§ SUPPLIED INFORMATION
══════════

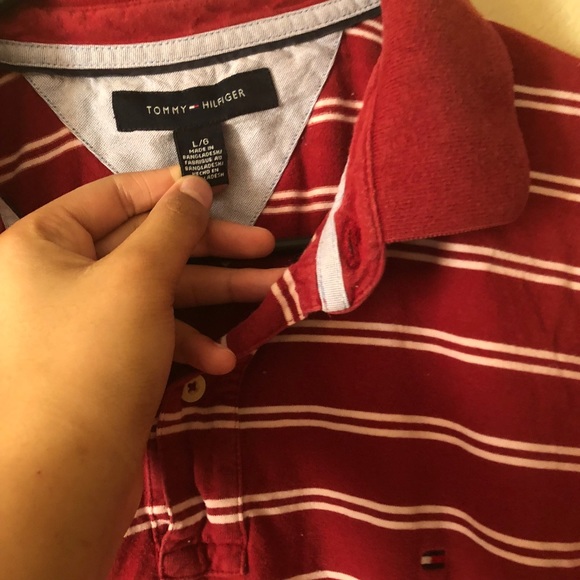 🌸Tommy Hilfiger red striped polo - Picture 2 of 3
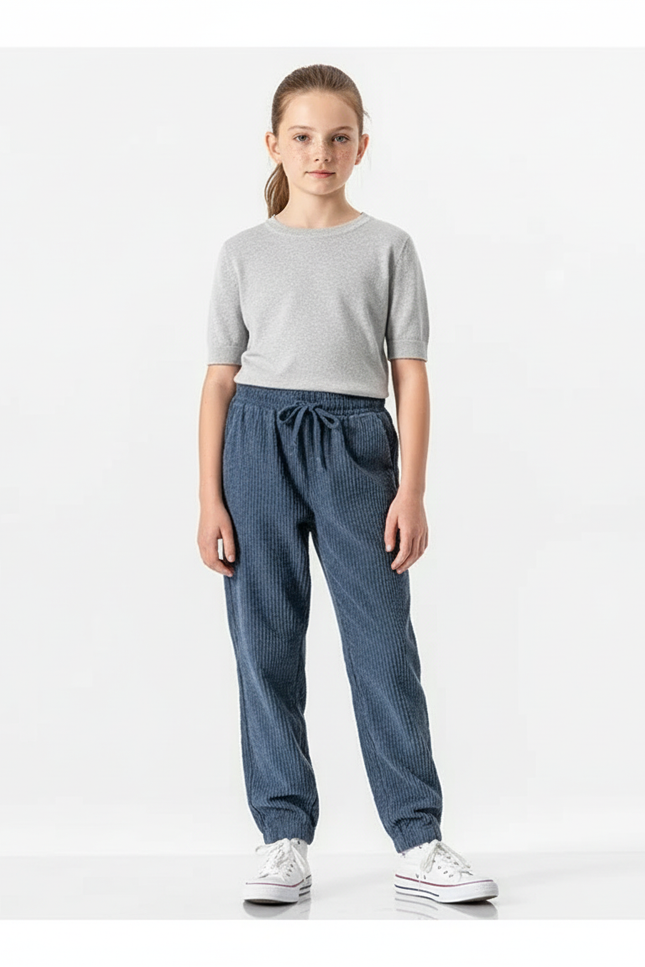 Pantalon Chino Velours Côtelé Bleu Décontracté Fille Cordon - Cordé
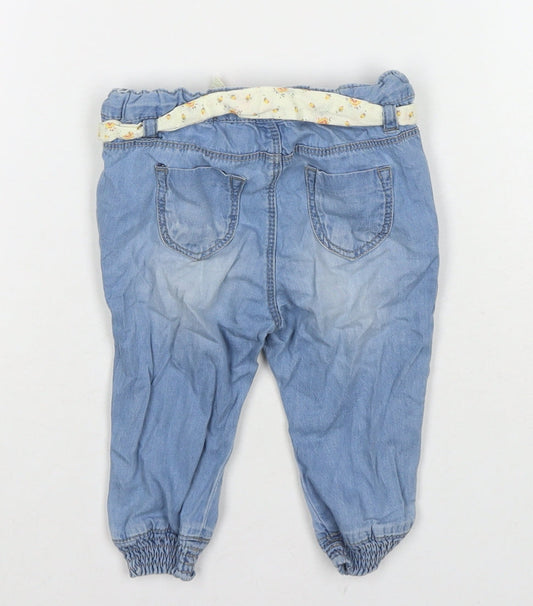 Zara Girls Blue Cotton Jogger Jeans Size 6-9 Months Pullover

══════════

§ WORK TO BE COMPLETED
What is needed is an exact copy of the data, with the pictures removed.

§ EXERCISE OUTPUT
 🌸Tommy Hilfiger red striped polo - Picture 2 of 3
 Pantalon Chino Velours Côtelé Bleu Décontracté Fille Cordon - Cordé
 Zara Girls Blue Cotton Jogger Jeans Size 6-9 Months Pullover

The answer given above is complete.